Pelita nasional.com| Sukoharjo – Di banyak daerah, pergantian bupati berarti pergantian visi-misi, pergantian baliho, paling banter pergantian warna seragam ASN.
Tapi di Sukoharjo, kalau dugaan KPK benar, pergantian bupati rupanya juga berarti pergantian nama di rekening tujuan setoran sementara sistemnya sendiri diwariskan rapi, turun-temurun, dari suami ke istri, seolah jabatan publik adalah usaha keluarga yang tinggal dioper ke generasi berikutnya lengkap dengan daftar pelanggan.
Bupati Etik Suryani kini resmi jadi tersangka dugaan pemerasan terhadap ASN-nya sendiri. Yang bikin publik geleng-geleng bukan cuma soal uangnya, tapi konon “usaha” ini sudah berjalan sejak era sang suami, mantan Bupati Wardoyo Wijaya.

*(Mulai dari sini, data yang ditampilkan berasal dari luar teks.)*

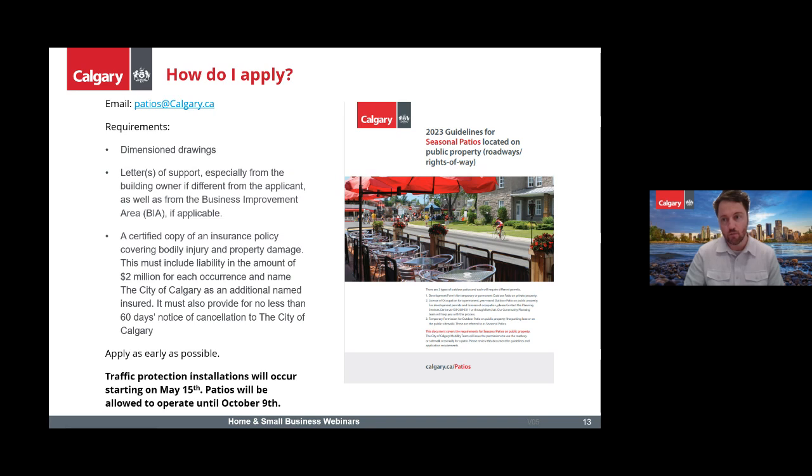To apply, we've been working closely with Business Improvement Areas and businesses over time. If you haven't heard of this, please send us an email at patios@calgary.ca. We have guidelines on calgary.ca/patios that cover the application process. In short, we need mention drawings, a letter of support from the building owner and the BIA, and insurance documentation.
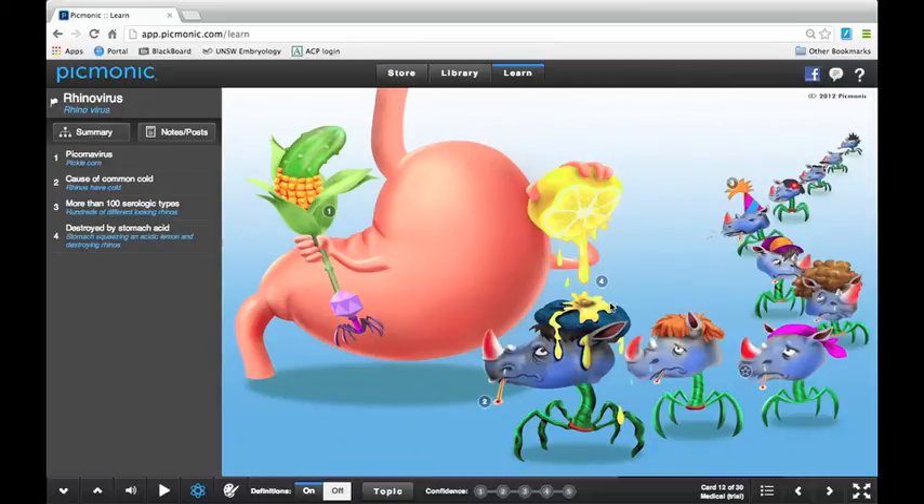Picmonic — one of my five faves. This is awesome. Thanks for watching. Stay tuned for more great videos about board preparation and the six things I'm going to do to prepare for boards. As always, thanks for watching.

Bukan korupsi dadakan, tapi dugaan warisan sistemik yang dirawat lintas dua periode kekuasaan hampir setara kearifan lokal, kalau saja isinya bukan pemerasan.

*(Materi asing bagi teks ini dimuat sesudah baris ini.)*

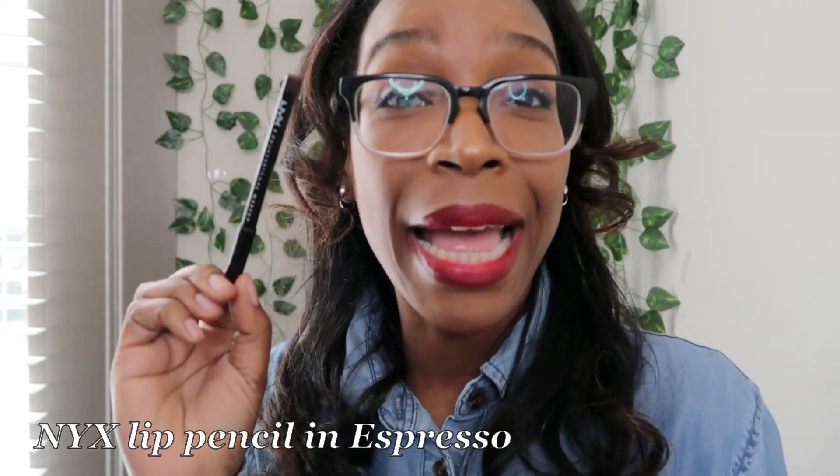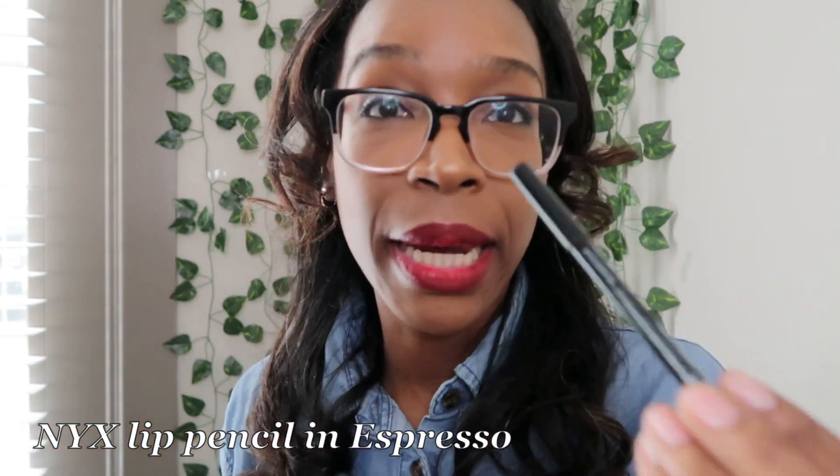The lipstick I'm using is the classic Ruby Woo by MAC — an oldie but goodie. And for the lip liner, I used an espresso pencil — this is Espresso by NYX.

Kamus Bahasa Jawa Edisi Pemerasan Bagian paling menyayat dari pengungkapan KPK adalah temuan sederet kalimat berbahasa Jawa sehari-hari yang diduga dipakai sebagai kode setoran.
Bukan sandi militer, cukup kalimat basa-basi khas obrolan warung tapi ternyata menyimpan pesan tegas: pejabat baru diingatkan agar tak “cuma melongo” tanpa setor, dan diminta menyamakan nominal seperti tarif di era bupati sebelumnya.
Kalau kreativitas berbahasa ini dipakai untuk hal produktif, mungkin bisa jadi modul pelatihan komunikasi persuasif. Sayangnya, menurut penyidik, keahlian merangkai kalimat halus ini justru dipakai untuk hal yang paling tidak halus: mengancam dan menagih.
Excel Pemerasan yang Rapi Jali
Dugaan pengumpulan dananya pun bukan asal comot, tapi tersusun rapi bak laporan keuangan korporasi: sekitar 40 persen insentif pemungutan pajak daerah diduga “disunat”, mengalir berjenjang dari pejabat eselon, ke sekretaris, sampai ke meja bupati.
Ditambah setoran rutin dari berbagai OPD, bahkan pada momen yang seharusnya sakral: pencairan THR saat kebanyakan ASN menunggu rezeki tahunan, versi dugaan penyidik justru menyebutnya sebagai musim panen setoran.
Total dugaan aliran dana selama 2021–2026 ditaksir hampir Rp3 miliar. Sebagian katanya dipakai untuk keperluan yang sangat “rakyat jelata”: renovasi rumah pribadi dan membeli mobil Innova baru.
Rakyat pas-pasan berhemat demi cicilan motor, sementara di sisi lain katanya ada yang bisa ganti mobil dari hasil setoran bawahan sendiri.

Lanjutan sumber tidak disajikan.